Below, the packages required for data analysis and visualization are loaded.
library(tidyverse)
library(magrittr)
library(zoo)
library(DT)
Serebii.net keeps a list of all the Pokémon in the various games in the franchise. The data on this site is in a wide format where each Pokémon gets its own unique row in the table. Here’s a snapshot:
Below, we load the HTML data from the site and extract the table of interest into a data frame.
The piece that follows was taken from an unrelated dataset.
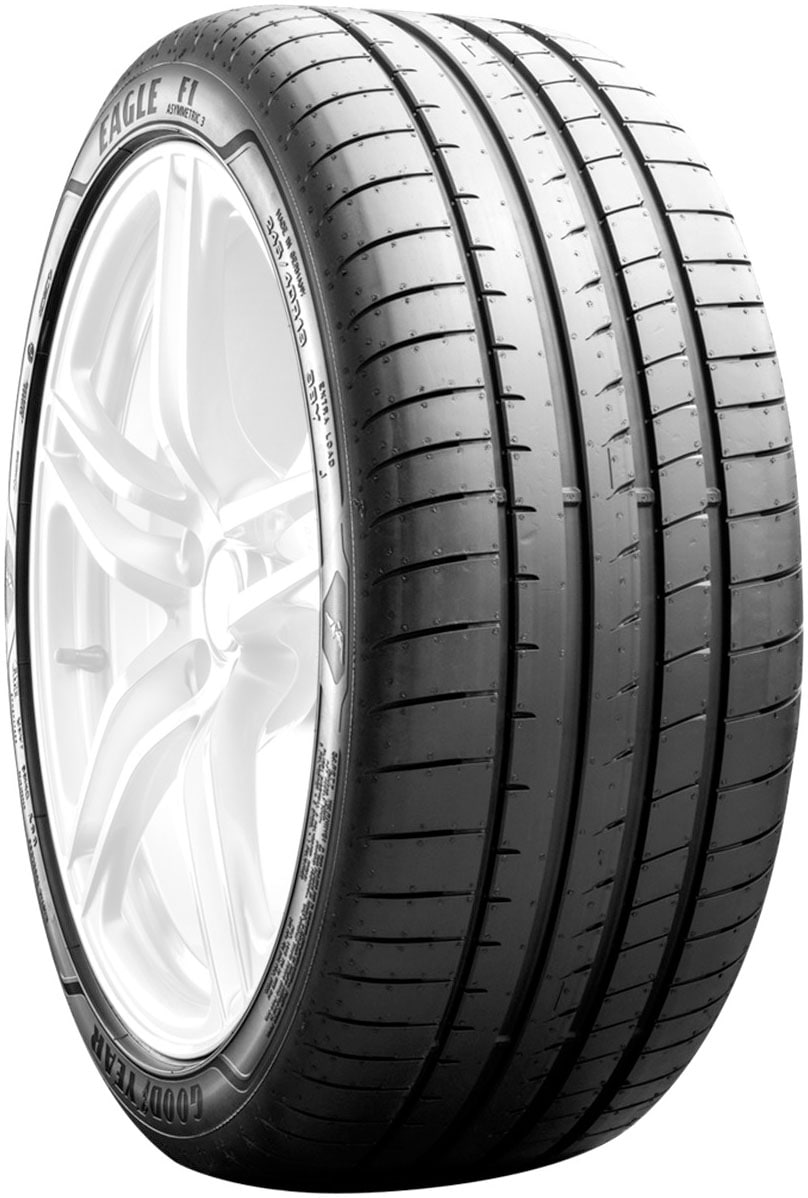 Goodyear Sommerreifen "GOODYEAR"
Then we export that data frame to .csv and reload it.
my_url1 <- "https://www.serebii.net/pokemon/nationalpokedex.shtml"
dat <- try(xml2::read_html(my_url1))
if (inherits(dat, "try-error", which = FALSE)){
break
}else{
pokemon <- xml2::xml_find_all(dat,
"//table[contains(@class, 'dextable')]")
pokemon <- rvest::html_table(pokemon)[[1]]
}
write.csv(pokemon, "pokemon.csv", row.names = FALSE)
my_url2 <- "https://raw.githubusercontent.com/geedoubledee/data607_project2/main/pokemon.csv"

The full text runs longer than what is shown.